▶ **Problem description**
Copy the listing below exactly, but skip the pictures.

▶ **Raw data**
%%

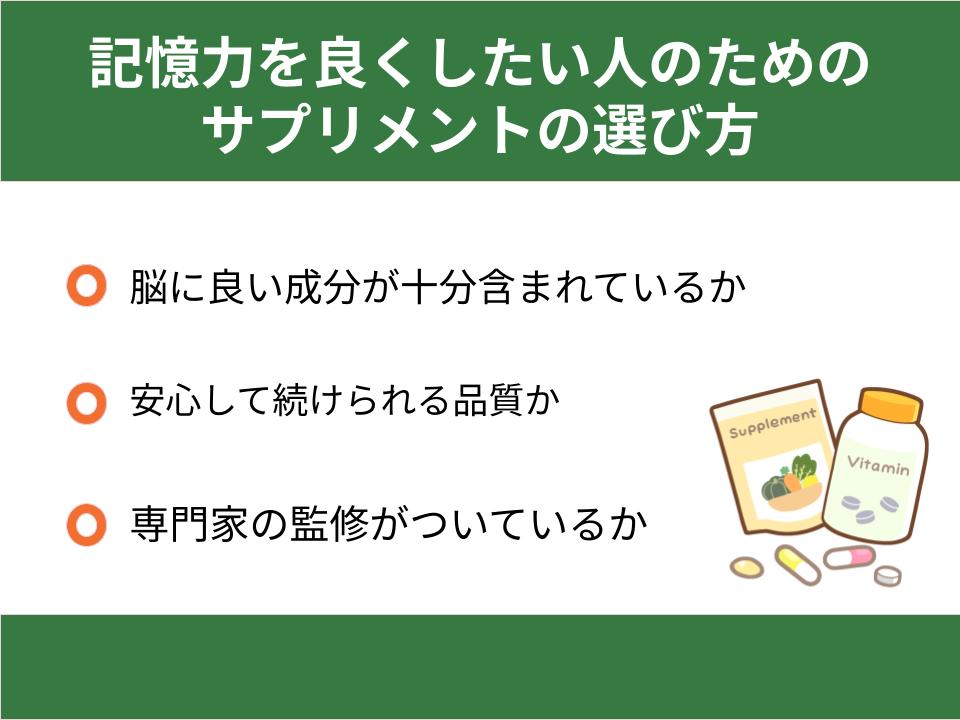 記憶力を良くしたい人のためのサプリメントの選び方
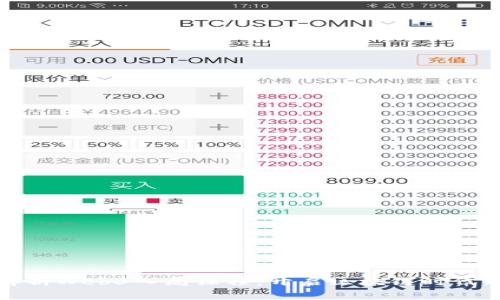 全面解析Web3入局课程：开启区块链时代新征程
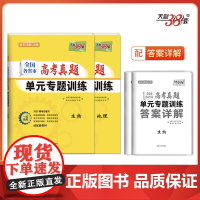 天利38套 2025新教材 全国各省市高考真题单元专题训练套装(生/地 共2册)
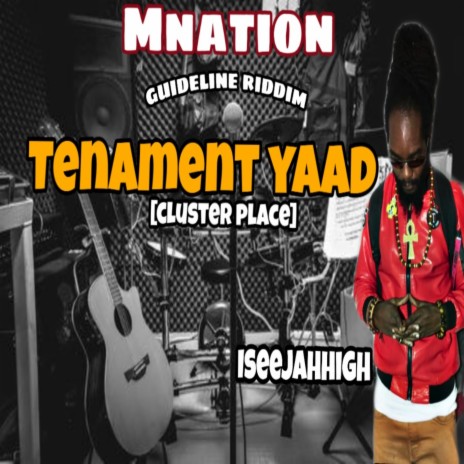 Tenament Yard | Boomplay Music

%%

▶ **Task solution**
 記憶力を良くしたい人のためのサプリメントの選び方
 全面解析Web3入局课程：开启区块链时代新征程
 天利38套 2025新教材 全国各省市高考真题单元专题训练套装(生/地 共2册)
 Tenament Yard | Boomplay Music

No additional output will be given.